**Work instructions**
When you repeat the listing below, keep every word exactly and leave out each picture.

**Extracted material**
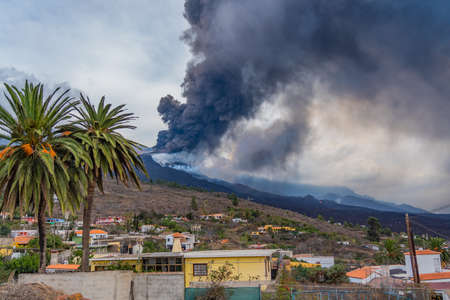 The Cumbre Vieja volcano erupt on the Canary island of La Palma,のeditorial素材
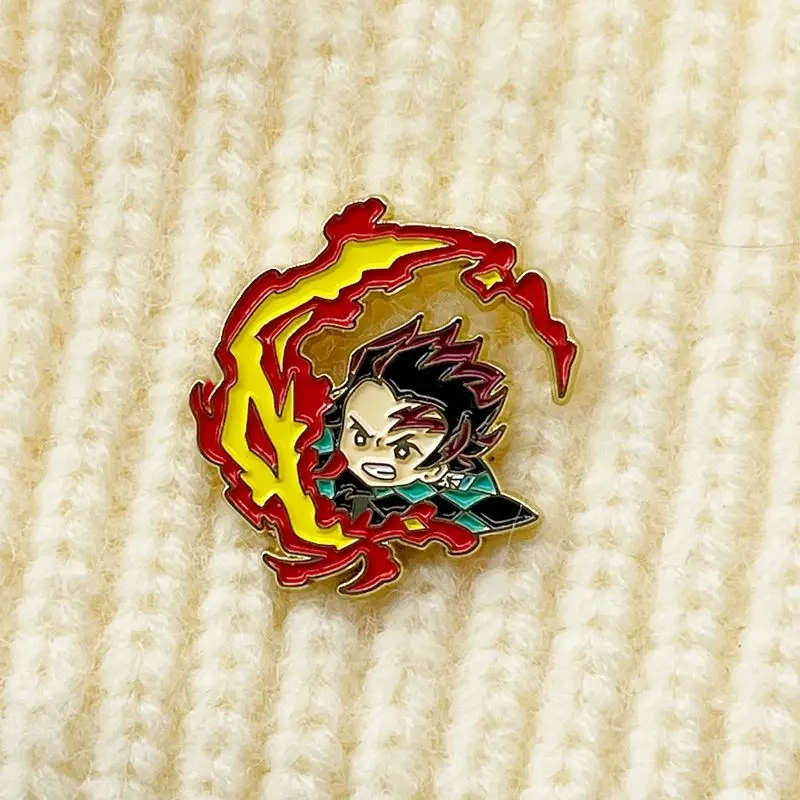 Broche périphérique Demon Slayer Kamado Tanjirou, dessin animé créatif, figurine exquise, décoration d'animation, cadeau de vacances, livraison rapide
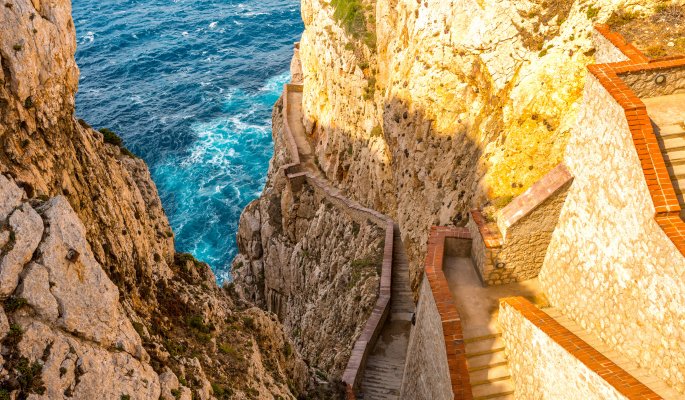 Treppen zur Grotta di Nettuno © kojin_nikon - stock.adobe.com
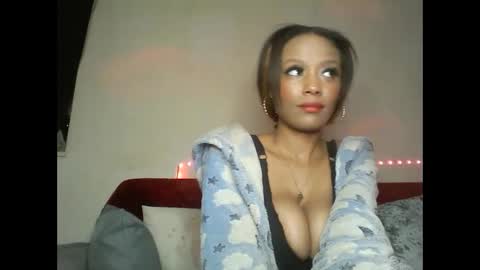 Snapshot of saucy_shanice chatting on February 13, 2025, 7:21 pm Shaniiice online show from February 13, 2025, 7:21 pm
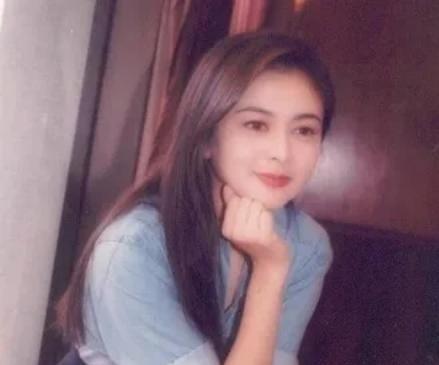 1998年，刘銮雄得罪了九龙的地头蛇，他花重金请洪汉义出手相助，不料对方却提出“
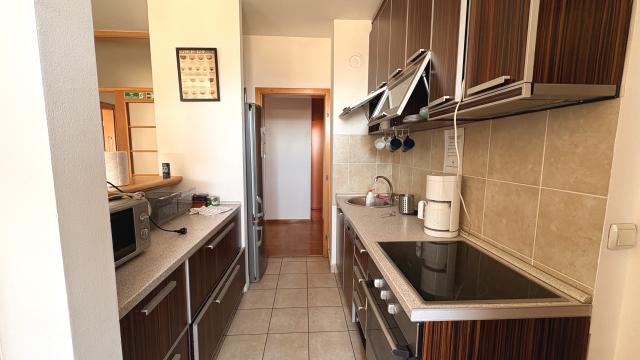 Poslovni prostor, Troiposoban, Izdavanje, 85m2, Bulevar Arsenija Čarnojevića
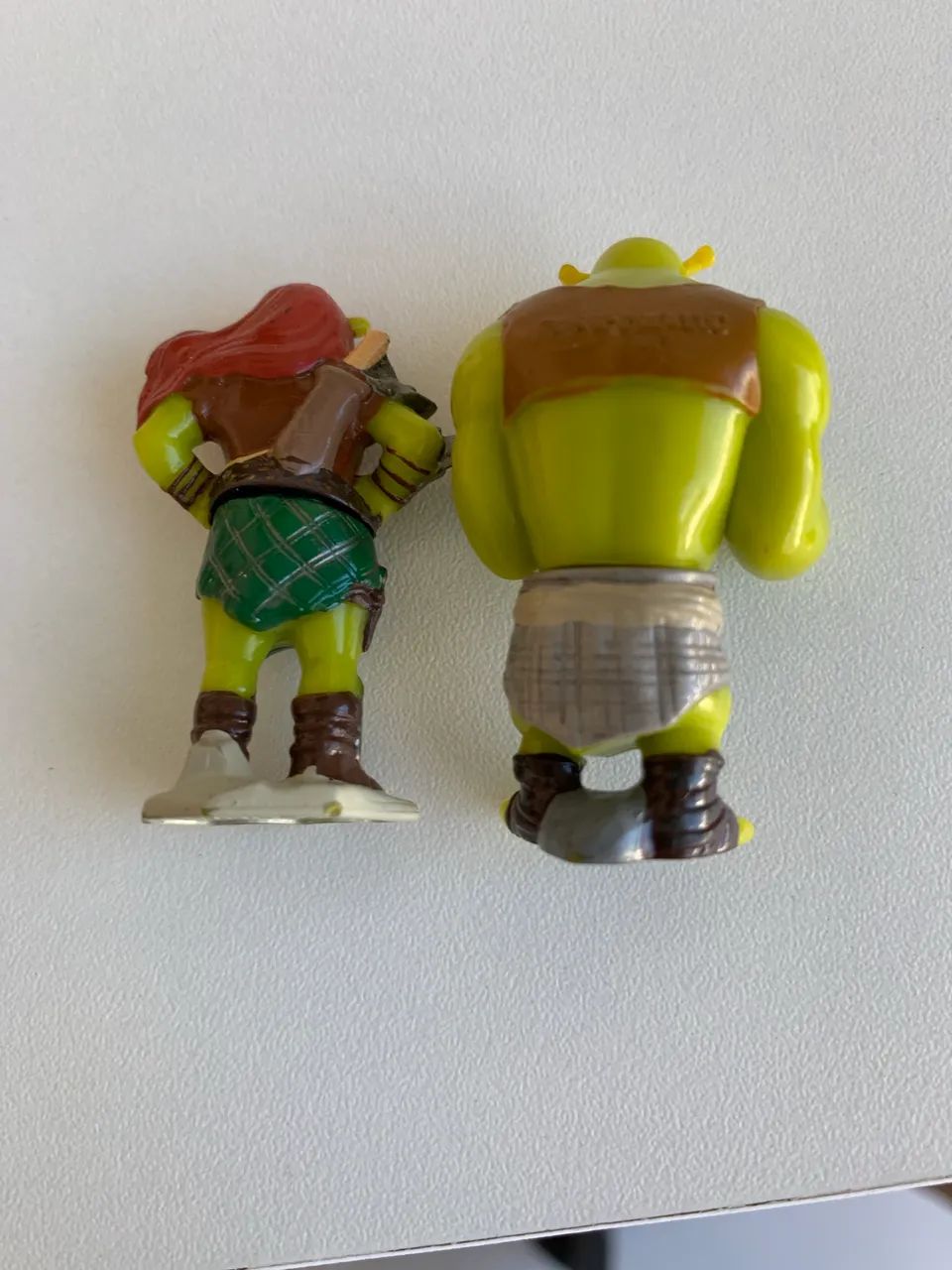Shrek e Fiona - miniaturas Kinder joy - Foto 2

**Answer**
 The Cumbre Vieja volcano erupt on the Canary island of La Palma,のeditorial素材
 Broche périphérique Demon Slayer Kamado Tanjirou, dessin animé créatif, figurine exquise, décoration d'animation, cadeau de vacances, livraison rapide
 Treppen zur Grotta di Nettuno © kojin_nikon - stock.adobe.com
 Snapshot of saucy_shanice chatting on February 13, 2025, 7:21 pm Shaniiice online show from February 13, 2025, 7:21 pm
 1998年，刘銮雄得罪了九龙的地头蛇，他花重金请洪汉义出手相助，不料对方却提出“
 Poslovni prostor, Troiposoban, Izdavanje, 85m2, Bulevar Arsenija Čarnojevića
Shrek e Fiona - miniaturas Kinder joy - Foto 2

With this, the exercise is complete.